> Activity
Please return all of the data exactly as written.

** Opening Input material block **

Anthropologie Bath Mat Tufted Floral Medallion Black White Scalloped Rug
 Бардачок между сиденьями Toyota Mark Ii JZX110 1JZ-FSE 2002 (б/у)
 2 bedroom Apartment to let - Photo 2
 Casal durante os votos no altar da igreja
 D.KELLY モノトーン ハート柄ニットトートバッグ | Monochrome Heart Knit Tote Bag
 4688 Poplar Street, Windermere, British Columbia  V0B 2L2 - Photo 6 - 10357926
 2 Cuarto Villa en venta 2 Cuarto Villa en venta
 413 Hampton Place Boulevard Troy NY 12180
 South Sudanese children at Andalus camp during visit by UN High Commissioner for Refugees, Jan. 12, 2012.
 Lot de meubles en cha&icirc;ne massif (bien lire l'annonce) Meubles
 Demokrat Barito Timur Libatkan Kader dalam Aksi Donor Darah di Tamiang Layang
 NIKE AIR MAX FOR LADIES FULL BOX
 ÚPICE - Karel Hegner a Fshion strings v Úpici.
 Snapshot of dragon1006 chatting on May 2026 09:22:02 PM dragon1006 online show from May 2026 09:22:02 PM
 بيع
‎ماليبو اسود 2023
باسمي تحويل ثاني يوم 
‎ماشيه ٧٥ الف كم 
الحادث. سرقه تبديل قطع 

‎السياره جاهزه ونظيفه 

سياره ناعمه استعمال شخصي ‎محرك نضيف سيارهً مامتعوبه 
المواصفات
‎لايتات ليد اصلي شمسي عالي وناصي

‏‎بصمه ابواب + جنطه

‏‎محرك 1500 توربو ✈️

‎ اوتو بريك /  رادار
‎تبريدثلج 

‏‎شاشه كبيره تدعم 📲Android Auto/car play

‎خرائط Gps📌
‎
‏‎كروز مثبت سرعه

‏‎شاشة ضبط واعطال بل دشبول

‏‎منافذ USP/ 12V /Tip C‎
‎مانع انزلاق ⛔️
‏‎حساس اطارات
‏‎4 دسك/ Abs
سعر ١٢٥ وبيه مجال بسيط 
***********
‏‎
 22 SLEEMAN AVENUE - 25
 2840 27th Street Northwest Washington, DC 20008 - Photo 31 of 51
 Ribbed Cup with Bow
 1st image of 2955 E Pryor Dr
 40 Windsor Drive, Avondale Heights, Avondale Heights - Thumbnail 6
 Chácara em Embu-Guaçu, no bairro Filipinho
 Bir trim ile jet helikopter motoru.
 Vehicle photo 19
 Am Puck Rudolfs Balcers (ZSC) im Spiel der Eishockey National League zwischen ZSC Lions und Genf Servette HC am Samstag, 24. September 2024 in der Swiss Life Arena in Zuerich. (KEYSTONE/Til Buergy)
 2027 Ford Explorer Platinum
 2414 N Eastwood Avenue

** Closing Input material block **

> Task solution
Anthropologie Bath Mat Tufted Floral Medallion Black White Scalloped Rug
 Бардачок между сиденьями Toyota Mark Ii JZX110 1JZ-FSE 2002 (б/у)
 2 bedroom Apartment to let - Photo 2
 Casal durante os votos no altar da igreja
 D.KELLY モノトーン ハート柄ニットトートバッグ | Monochrome Heart Knit Tote Bag
 4688 Poplar Street, Windermere, British Columbia  V0B 2L2 - Photo 6 - 10357926
 2 Cuarto Villa en venta 2 Cuarto Villa en venta
 413 Hampton Place Boulevard Troy NY 12180
 South Sudanese children at Andalus camp during visit by UN High Commissioner for Refugees, Jan. 12, 2012.
 Lot de meubles en cha&icirc;ne massif (bien lire l'annonce) Meubles
 Demokrat Barito Timur Libatkan Kader dalam Aksi Donor Darah di Tamiang Layang
 NIKE AIR MAX FOR LADIES FULL BOX
 ÚPICE - Karel Hegner a Fshion strings v Úpici.
 Snapshot of dragon1006 chatting on May 2026 09:22:02 PM dragon1006 online show from May 2026 09:22:02 PM
 بيع
‎ماليبو اسود 2023
باسمي تحويل ثاني يوم 
‎ماشيه ٧٥ الف كم 
الحادث. سرقه تبديل قطع 

‎السياره جاهزه ونظيفه 

سياره ناعمه استعمال شخصي ‎محرك نضيف سيارهً مامتعوبه 
المواصفات
‎لايتات ليد اصلي شمسي عالي وناصي

‏‎بصمه ابواب + جنطه

‏‎محرك 1500 توربو ✈️

‎ اوتو بريك /  رادار
‎تبريدثلج 

‏‎شاشه كبيره تدعم 📲Android Auto/car play

‎خرائط Gps📌
‎
‏‎كروز مثبت سرعه

‏‎شاشة ضبط واعطال بل دشبول

‏‎منافذ USP/ 12V /Tip C‎
‎مانع انزلاق ⛔️
‏‎حساس اطارات
‏‎4 دسك/ Abs
سعر ١٢٥ وبيه مجال بسيط 
***********
‏‎
 22 SLEEMAN AVENUE - 25
 2840 27th Street Northwest Washington, DC 20008 - Photo 31 of 51
 Ribbed Cup with Bow
 1st image of 2955 E Pryor Dr
 40 Windsor Drive, Avondale Heights, Avondale Heights - Thumbnail 6
 Chácara em Embu-Guaçu, no bairro Filipinho
 Bir trim ile jet helikopter motoru.
 Vehicle photo 19
 Am Puck Rudolfs Balcers (ZSC) im Spiel der Eishockey National League zwischen ZSC Lions und Genf Servette HC am Samstag, 24. September 2024 in der Swiss Life Arena in Zuerich. (KEYSTONE/Til Buergy)
 2027 Ford Explorer Platinum
 2414 N Eastwood Avenue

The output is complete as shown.